The cases of missing and murdered Aboriginal people need to be heard
In 1988, Aboriginal teenager Mark Haines was found on the train tracks in Tamworth, northern NSW. Immediately, the police thought it was a…
In 1988, Aboriginal teenager Mark Haines was found on the train tracks in Tamworth, northern NSW. Immediately, the police thought it was a suicide. That was despite the family knowing that it was “out of character”, and despite the testimony of the train driver who found him, a railway investigator who saw that there was little blood, and a towel folded neatly under his head. The family went and did their own investigation, handing over evidence to the police themselves, because they felt they had weren’t taking the case seriously. They investigated a nearby abandoned car, opening the boot, and took what they believed was blood to the authorities. The police didn’t bother to fingerprint it, or didn’t see any connection with the crime. They even went as far to suggest that Mark may have stolen the car.
The thing was, Mark couldn’t drive a manual car.
The family knew how ridiculous this was. They knew the reason the police weren’t listening. And for thirty years, they tried to get anyone — the media, the police, and the public — to care. It wasn’t until Allan Clarke, a Gomeroi journalist who has a long history in Aboriginal journalism, came along. Allan has been investigating Mark’s case for nearly five years. He has produced stories for SBS’ Living Black, BuzzFeed News, NITV, and now the ABC, who tonight presented the Mark Haines story on Australian Story, and for the Unravel podcast.
The significance of Allan’s journalism can not be underestimated. While podcasts and television stories regularly sensationalise, feeding on a sickening appetite for true crime with no thought for the victims and their families , Allan carefully unravels the complexities of the case, situating it directly in the racism shown within Tamworth that deemed an Aboriginal teenager unworthy of investigation.
Allan’s interest in the case comes not only in the pursuit of justice, but also because he saw himself in Mark. Both grew up in a small NSW community, and both have large extended black families. They both come from the Gomeroi nation. Allan’s contribution is not only in upsetting the narrative of black victimhood and white sensationalism, but in stressing the humanity of Mark, and of acknowledging the humanity of his family, who still feel the trauma of his death, and the injustice that surrounds it. Through their testimony, we learn first about who Mark was — a smiling teenager, always happy, great at sport, and who could navigate both the white and black worlds.

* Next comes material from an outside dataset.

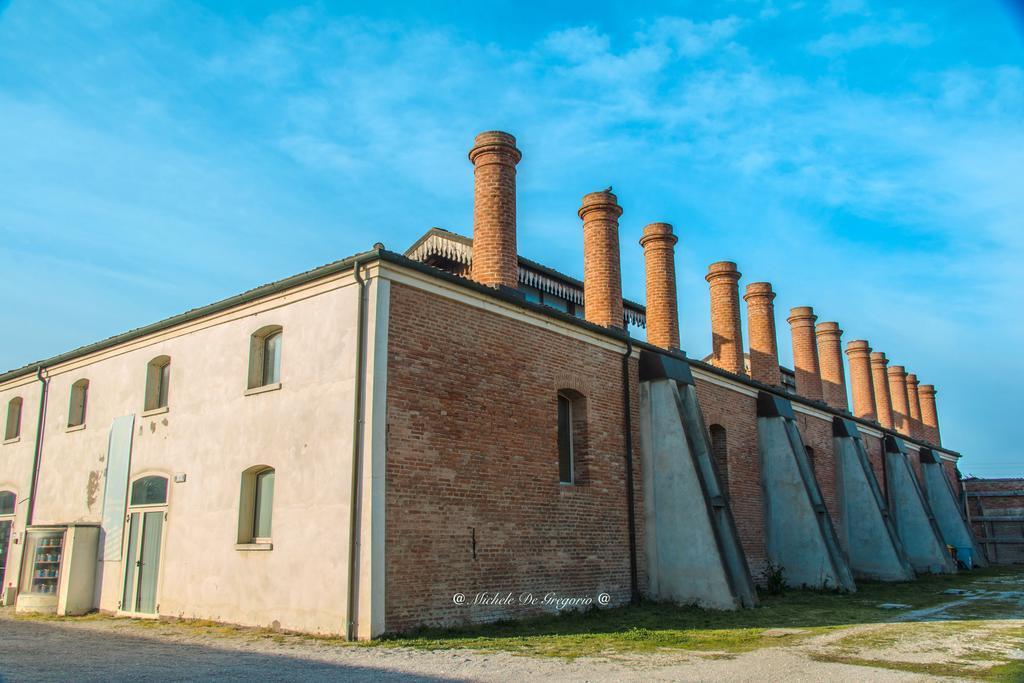 Da Mattia Hotel Comacchio Exterior photo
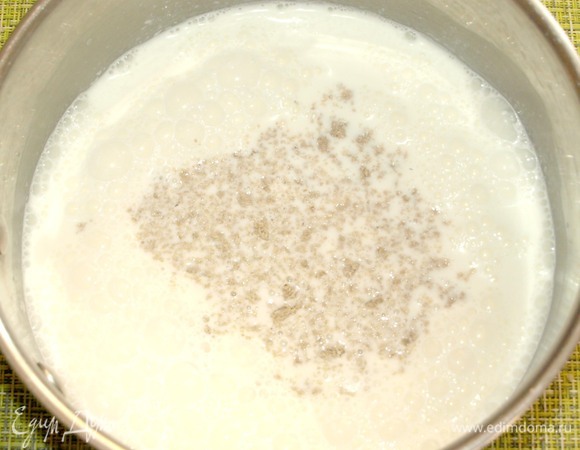 В сотейнике соединяем молоко и размягченную халву (1 столовая ложка с горкой). Все перемешиваем венчиком и отправляем на огонь.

It is also important because for too long, the numerous cases of unsolved Aboriginal murders have been ignored. Mark died in 1988, as protests ramped up around Aboriginal deaths in custody, for which there was a royal commission. It was in this time period, where there were several cases of Aboriginal people who died, and who’s cases were not properly investigated by police. It is an all too common story. The Bowraville children — Colleen Walker, Evelyn Greenup and Clinton Speedy Duroux — died from 1990–1991, and the original police investigation completely bungled it, focusing their attention on the community themselves instead of the white man who is now in the sights of the law for their deaths. Aboriginal teenager Karen Williams disappeared in Coober Pedy in 1990 and her body has never been found. Closer to my home, an Aboriginal woman named Linda, died in 1991 in the Fitzroy River, Rockhampton. Because of the racism from investigating police, the man who has been serving 27 years for her murder, is very likely innocent, in fact we have shown he is through the Curtain Podcast.

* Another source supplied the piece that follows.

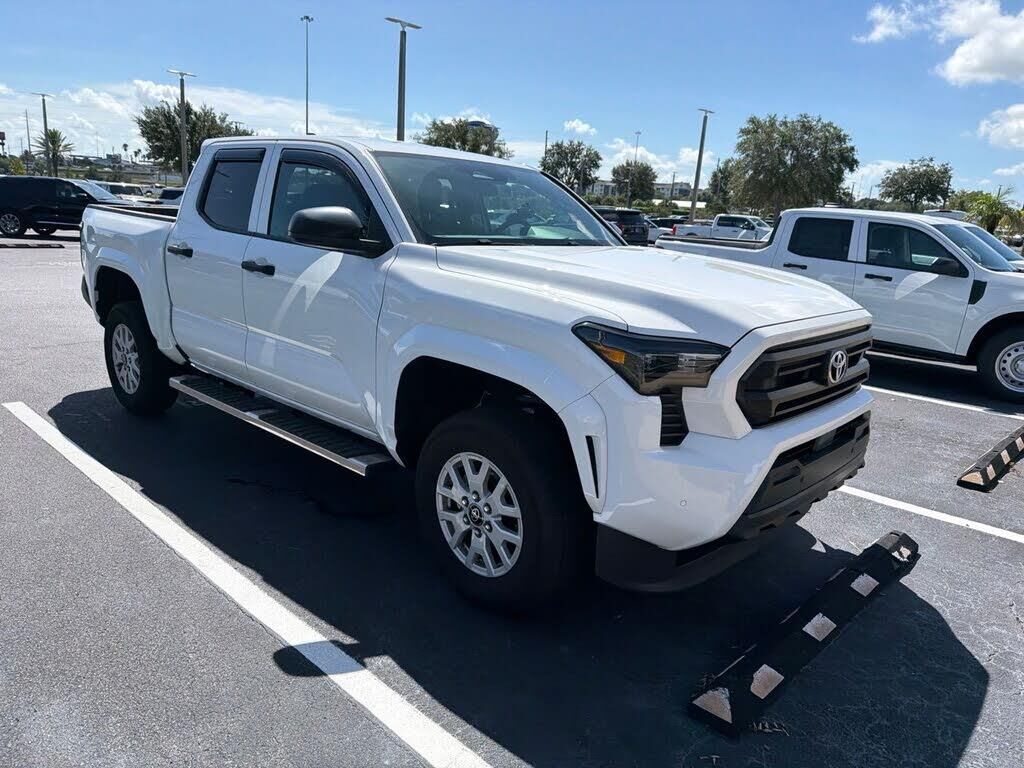2025 Toyota Tacoma SR — photo 1 of 1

Watching Allan’s phenomenal journalism tonight, I was reminded again of the similarities between the cases of Linda and Mark. Both died within years of each other. And in both cases, police did not properly investigate all the evidence — including, the abandonment of a car that could have provided crucial clues to the identity of the perpetrators. Like Tamworth, in which black and white are separated by a boundary line in the form of a train track — the place of Mark’s death — Linda was found on the banks of the Fitzroy River, a natural boundary line that in the colonial era kept Aboriginal people cordoned to one side after curfew.
Too often, when we report on these issues, we are greeted with the usual ‘colourblind’ comments. ‘This isn’t a race issue!,’ they exclaim, as if it is in anyway helping their case, as if it is doing nothing more than comforting their own sensibilities. I know from following Allan’s investigation of Mark Haines’ death over the years, and in my own work, that the response from the police and the public always has a racial element. What other Australian family would be required to go out and collect their own evidence, simply to get police to listen to them?
There needs to be justice for Mark Haines, justice for Linda, justice for Bowraville and justice for Karen Williams, and all other Aboriginal people — men, women and children, who have suffered the apathy of police, media and the public, and for their families, who continue to live with the trauma.